The capacity of cancel culture, in context and impact, makes a clear distinction between guilt and shame: guilt is a feeling of misconduct, shame is a badge of it, and cancel culture clearly elicits the latter. In ”How to Build a Healthy Brain”, Kimberley Wilson writes that “social media has democratised cancel culture”, alluding to both the old age of the phenomenon and the newfound, extensive opportunity to jump on its bandwagon of censorship. As social media grows, cancel culture grows with it and becomes further embedded in a global understanding of right from wrong. Extensive debate surrounds the ethics and efficacy of such a stringent measure of morality.
Advocates of cancel culture commend how it regulates behaviour, normalises taking accountability, and protects and mobilises underprivileged groups. Working in a similar way to the law, the reprimand of cancellation incentivises acting in the "right" and instils a fear of "wrong" behaviour. In a piece for VICE Magazine, Shamira Ibrahim emphasises how cancel culture enables marginalised voices to police the media, large corporations, and those in positions of power.
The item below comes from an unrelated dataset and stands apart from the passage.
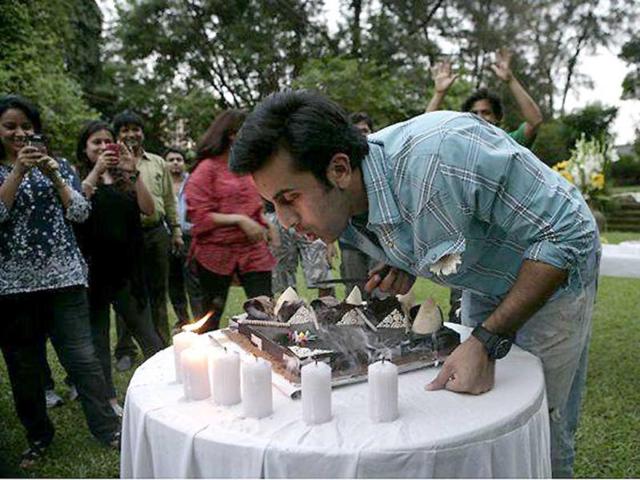 Ranbir blows off the candle before cutting the cake.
She references celebrity cancellations and acknowledges that “redemption will happen for the cancelled”, but adds that “in that space before the comeback, the best tool remains for the court of public opinion to demand apologies and utilise social media for accountability to set a rubric for engagement”. In this way, Ibrahim recognises cancel culture as a precedent compulsory for the protection of and support for the marginalised.
Yet, arguably the true victims of cancel culture are ordinary people – like Professor Patton, who lack the resources necessary to escape cancellation. The anti-cancel culture argument fixates on the impact of this caveat of cancellation, one that can result in job loss and upended livelihood, reputation, and mental health. In these ordinary cases, when everything is on the line, is it fair to cancel? Is it fair to approach morality on a black-and-white basis, refuting the potential for ambiguity? Critics of cancel culture ask these questions, and even challenge whether it surrounds an idea of "morality" at all. Kimberley Wilson writes that, instead, cancel culture is about dominance and rather than teaching right from wrong and anticipating growth, cancel culture dismisses. She holds that proponents of the culture only aim to control those they cancel.
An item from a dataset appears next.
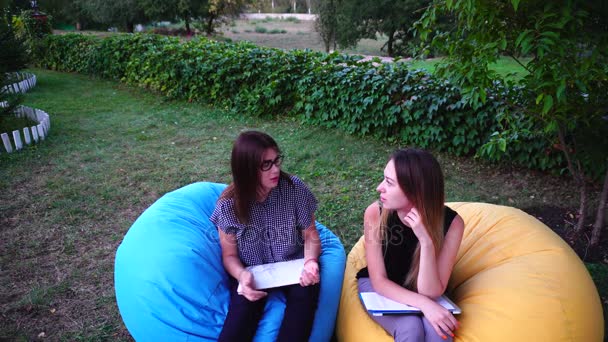 Mignonnes copines commérages tandis que assis dans le parc en plein air le jour de l'été . — Video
Writing for The New York Times, Ligaya Mishan critiques the "benefits" of cancel culture. She reinforces Ibrahim’s point that when individuals in privileged positions are cancelled, they have the resources to eventually redeem themselves. However, she asserts that as a result, cancel culture “hasn’t succeeded in toppling any major figures – high-level politicians, corporate titans – let alone institutions”. She argues that the ability for the privileged to retaliate defeats the overall purpose of cancel culture. This can be seen in the case of J.K. Rowling’s cancellation, one in which her power and prestige afforded her the opportunity to release a public statement and did not have much of an effect on her cherished brand.
Mishan continues by suggesting that cancel culture actually fuels large corporations and capitalism – those same structures that maintain the injustice and marginalisation that cancel culture is designed to mitigate. As people engage with the media, she says they "do the free labor of making the platform more valuable". And, with increased stigma surrounding the term "cancel culture", those in power use it to their benefit as a crutch to delegitimise public censure.
Perhaps cancel culture is a class, not a social issue, with the privileged immune to and benefitting from its effects while it even supports the injustice it supposedly seeks to undo. Though cancel culture assumes guilty-until-proven-innocent, the opposite of traditional legal principles, in a sense it may be conflated with the law; a system often escapable by the privileged and one that leaves a permanent record. Thus, one question remains unanswered: is any measurement of morality truly just?